TASK INSTRUCTIONS: Say only the number of lines in the entries below that contain "parked".

AVAILABLE DATA:
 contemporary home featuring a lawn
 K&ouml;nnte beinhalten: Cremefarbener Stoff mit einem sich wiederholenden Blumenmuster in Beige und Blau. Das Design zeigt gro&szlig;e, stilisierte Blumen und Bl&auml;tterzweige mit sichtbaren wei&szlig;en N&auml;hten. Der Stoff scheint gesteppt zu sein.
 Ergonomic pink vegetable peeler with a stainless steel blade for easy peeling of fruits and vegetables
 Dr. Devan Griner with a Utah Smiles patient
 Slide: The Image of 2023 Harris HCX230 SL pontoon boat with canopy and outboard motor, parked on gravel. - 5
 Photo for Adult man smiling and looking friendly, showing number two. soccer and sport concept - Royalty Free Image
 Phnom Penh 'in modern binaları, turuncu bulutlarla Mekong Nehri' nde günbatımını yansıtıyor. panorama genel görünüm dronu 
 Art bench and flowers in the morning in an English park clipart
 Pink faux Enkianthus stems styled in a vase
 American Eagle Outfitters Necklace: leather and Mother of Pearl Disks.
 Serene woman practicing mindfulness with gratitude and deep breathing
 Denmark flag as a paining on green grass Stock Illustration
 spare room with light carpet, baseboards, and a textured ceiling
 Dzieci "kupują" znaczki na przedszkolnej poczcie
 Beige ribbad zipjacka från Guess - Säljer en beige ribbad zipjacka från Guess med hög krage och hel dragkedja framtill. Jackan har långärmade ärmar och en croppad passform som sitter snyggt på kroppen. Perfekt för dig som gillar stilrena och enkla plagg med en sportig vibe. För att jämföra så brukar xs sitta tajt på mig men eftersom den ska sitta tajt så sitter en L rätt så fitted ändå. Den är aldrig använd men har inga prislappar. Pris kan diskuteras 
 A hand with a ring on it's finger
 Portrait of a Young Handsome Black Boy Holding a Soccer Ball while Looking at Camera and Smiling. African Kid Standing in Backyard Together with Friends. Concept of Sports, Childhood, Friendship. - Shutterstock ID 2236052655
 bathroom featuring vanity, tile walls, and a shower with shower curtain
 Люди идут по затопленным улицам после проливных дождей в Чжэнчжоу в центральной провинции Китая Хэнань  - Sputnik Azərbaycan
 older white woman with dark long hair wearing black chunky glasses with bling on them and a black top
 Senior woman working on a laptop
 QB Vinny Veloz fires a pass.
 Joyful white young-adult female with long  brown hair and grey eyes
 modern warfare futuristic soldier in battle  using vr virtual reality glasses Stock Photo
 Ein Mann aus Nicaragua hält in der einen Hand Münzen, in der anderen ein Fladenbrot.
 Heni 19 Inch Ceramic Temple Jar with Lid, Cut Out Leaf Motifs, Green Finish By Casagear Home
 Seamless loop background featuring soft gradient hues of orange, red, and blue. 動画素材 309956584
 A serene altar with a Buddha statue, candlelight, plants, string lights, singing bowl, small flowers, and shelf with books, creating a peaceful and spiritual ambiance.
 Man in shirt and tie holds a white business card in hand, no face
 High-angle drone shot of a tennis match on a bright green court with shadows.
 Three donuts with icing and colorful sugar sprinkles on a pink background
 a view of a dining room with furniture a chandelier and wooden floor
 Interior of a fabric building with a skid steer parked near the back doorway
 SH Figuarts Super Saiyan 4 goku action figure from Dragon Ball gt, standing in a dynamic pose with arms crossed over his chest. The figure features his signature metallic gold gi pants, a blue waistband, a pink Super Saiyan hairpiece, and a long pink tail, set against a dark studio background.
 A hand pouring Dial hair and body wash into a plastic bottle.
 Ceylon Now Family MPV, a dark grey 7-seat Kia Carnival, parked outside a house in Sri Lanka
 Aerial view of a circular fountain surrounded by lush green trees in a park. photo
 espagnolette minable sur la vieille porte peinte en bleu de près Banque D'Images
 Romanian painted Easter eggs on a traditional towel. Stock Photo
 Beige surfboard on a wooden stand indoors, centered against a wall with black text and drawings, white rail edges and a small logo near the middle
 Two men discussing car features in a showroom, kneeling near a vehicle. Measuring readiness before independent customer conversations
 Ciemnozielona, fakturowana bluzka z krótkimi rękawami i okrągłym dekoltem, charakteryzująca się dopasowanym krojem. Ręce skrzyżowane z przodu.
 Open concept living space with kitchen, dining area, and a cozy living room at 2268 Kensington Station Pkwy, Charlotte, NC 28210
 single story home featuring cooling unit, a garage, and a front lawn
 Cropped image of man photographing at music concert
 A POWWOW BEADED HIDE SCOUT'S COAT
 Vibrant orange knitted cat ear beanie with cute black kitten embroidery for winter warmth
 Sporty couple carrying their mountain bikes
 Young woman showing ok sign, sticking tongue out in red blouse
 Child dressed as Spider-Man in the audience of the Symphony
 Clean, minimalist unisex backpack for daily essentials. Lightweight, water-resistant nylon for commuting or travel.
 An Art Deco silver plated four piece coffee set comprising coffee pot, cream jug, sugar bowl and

PROBLEM SOLUTION: 3